Segment Open

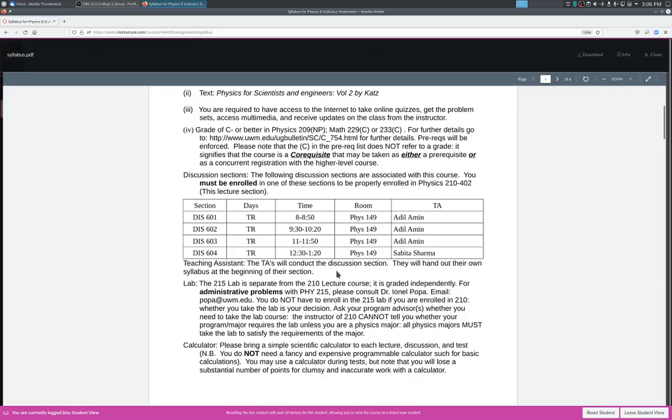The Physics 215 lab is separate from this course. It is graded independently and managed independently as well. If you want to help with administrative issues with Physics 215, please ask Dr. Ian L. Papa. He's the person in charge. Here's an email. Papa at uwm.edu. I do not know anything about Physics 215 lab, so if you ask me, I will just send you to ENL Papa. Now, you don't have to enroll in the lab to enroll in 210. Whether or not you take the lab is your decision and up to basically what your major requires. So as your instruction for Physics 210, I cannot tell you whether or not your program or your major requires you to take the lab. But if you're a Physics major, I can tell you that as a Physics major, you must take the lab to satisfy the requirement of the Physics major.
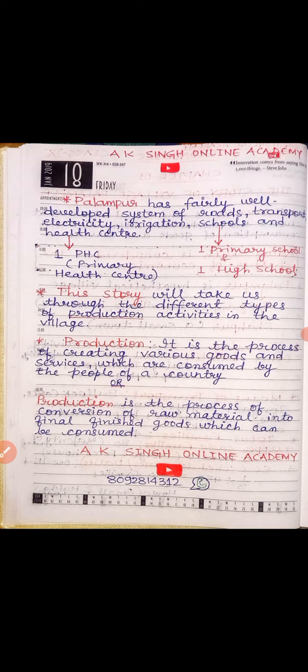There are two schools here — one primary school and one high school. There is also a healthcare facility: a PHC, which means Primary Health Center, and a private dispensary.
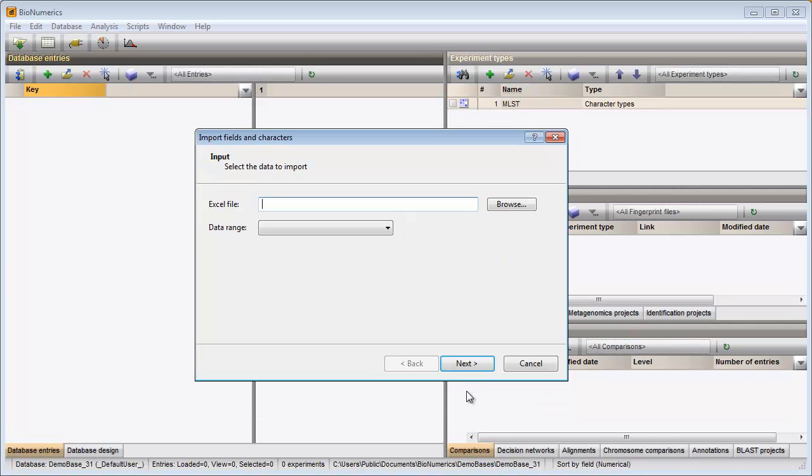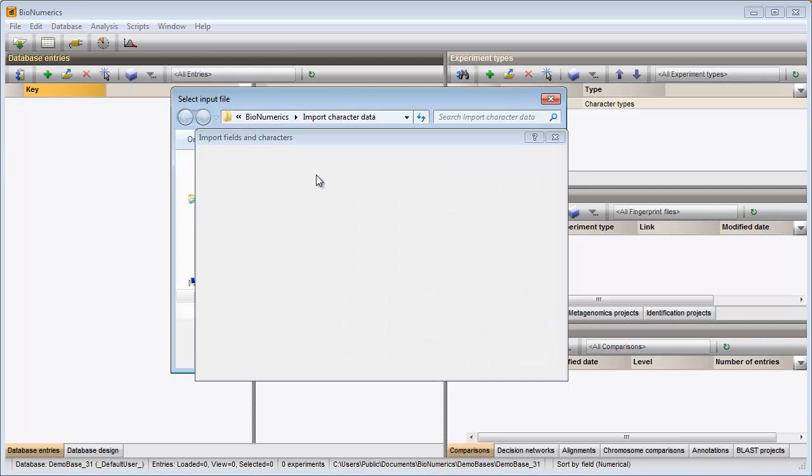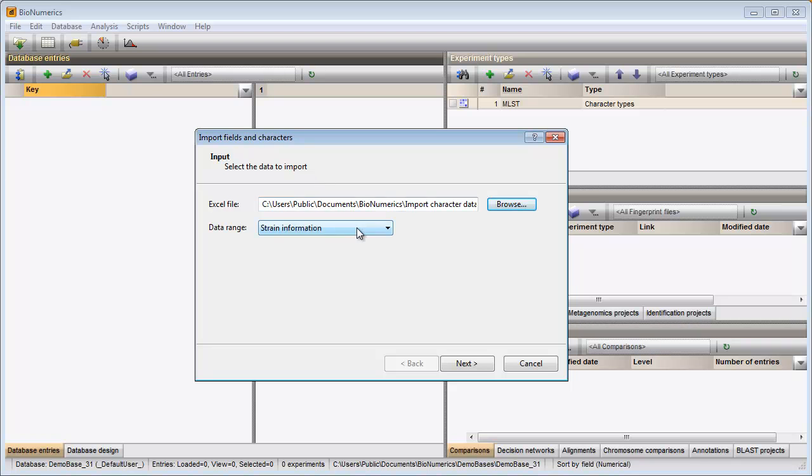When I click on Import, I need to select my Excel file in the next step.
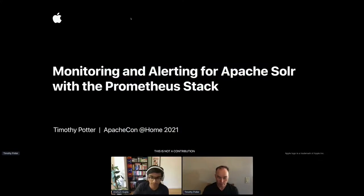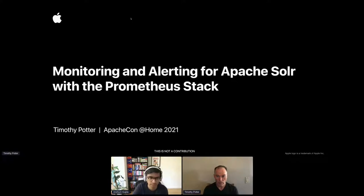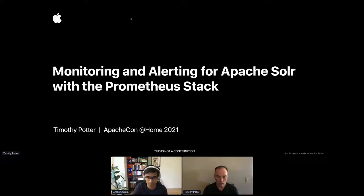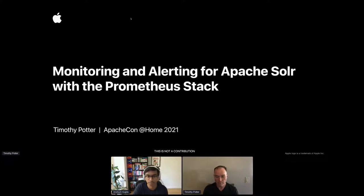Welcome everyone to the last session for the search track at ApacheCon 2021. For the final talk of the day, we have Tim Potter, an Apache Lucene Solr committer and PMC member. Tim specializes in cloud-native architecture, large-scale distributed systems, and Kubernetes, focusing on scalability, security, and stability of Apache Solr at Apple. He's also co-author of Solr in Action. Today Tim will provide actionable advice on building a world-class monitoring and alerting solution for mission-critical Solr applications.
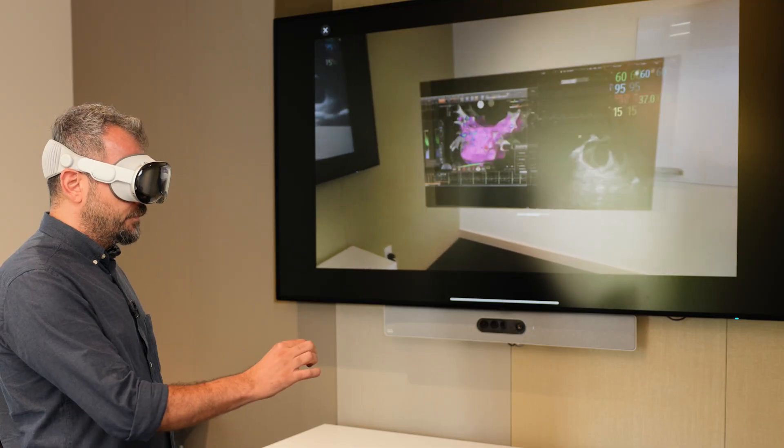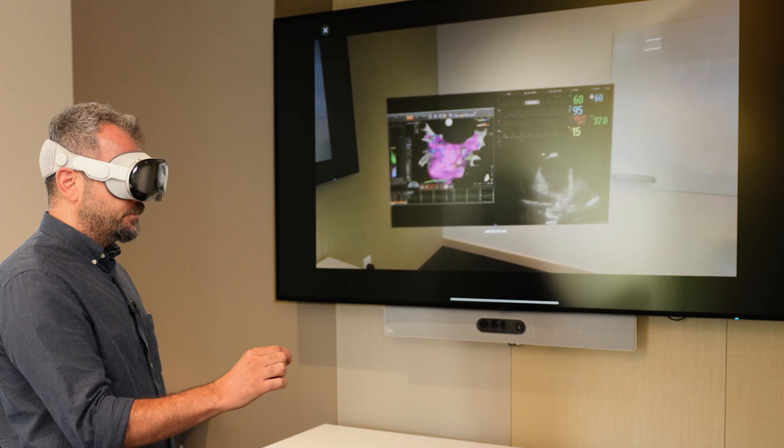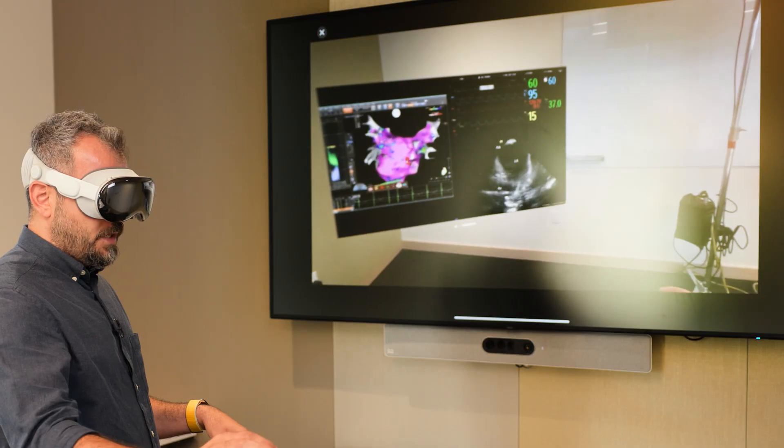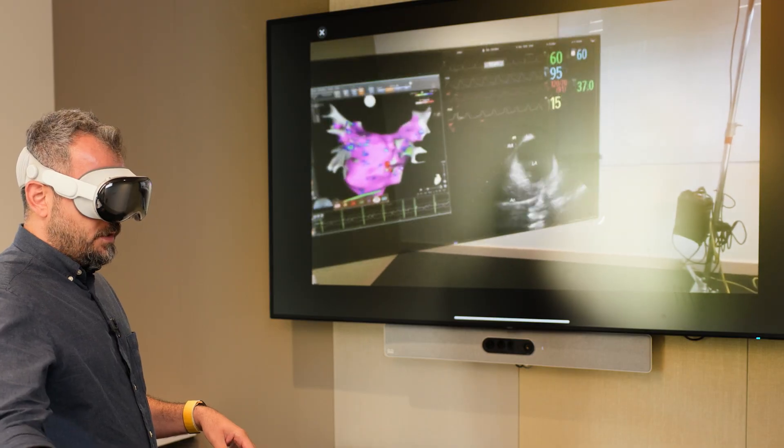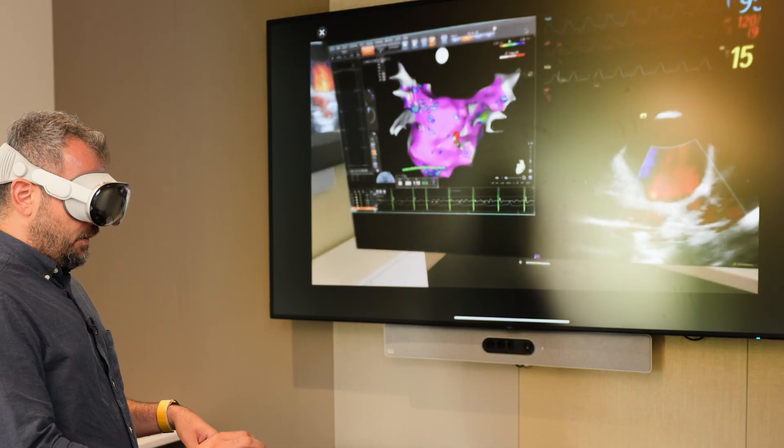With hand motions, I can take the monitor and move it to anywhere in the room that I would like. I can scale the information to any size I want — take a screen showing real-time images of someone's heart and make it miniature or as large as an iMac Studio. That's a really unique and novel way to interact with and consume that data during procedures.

Segment Closed

» Directions: Verbatim transcription needed, from the opening line of the entries above through the line containing "Welcome everyone to"; pictures do not belong in it.

» Response below:
The Physics 215 lab is separate from this course. It is graded independently and managed independently as well. If you want to help with administrative issues with Physics 215, please ask Dr. Ian L. Papa. He's the person in charge. Here's an email. Papa at uwm.edu. I do not know anything about Physics 215 lab, so if you ask me, I will just send you to ENL Papa. Now, you don't have to enroll in the lab to enroll in 210. Whether or not you take the lab is your decision and up to basically what your major requires. So as your instruction for Physics 210, I cannot tell you whether or not your program or your major requires you to take the lab. But if you're a Physics major, I can tell you that as a Physics major, you must take the lab to satisfy the requirement of the Physics major.
There are two schools here — one primary school and one high school. There is also a healthcare facility: a PHC, which means Primary Health Center, and a private dispensary.
When I click on Import, I need to select my Excel file in the next step.
Welcome everyone to the last session for the search track at ApacheCon 2021. For the final talk of the day, we have Tim Potter, an Apache Lucene Solr committer and PMC member. Tim specializes in cloud-native architecture, large-scale distributed systems, and Kubernetes, focusing on scalability, security, and stability of Apache Solr at Apple. He's also co-author of Solr in Action. Today Tim will provide actionable advice on building a world-class monitoring and alerting solution for mission-critical Solr applications.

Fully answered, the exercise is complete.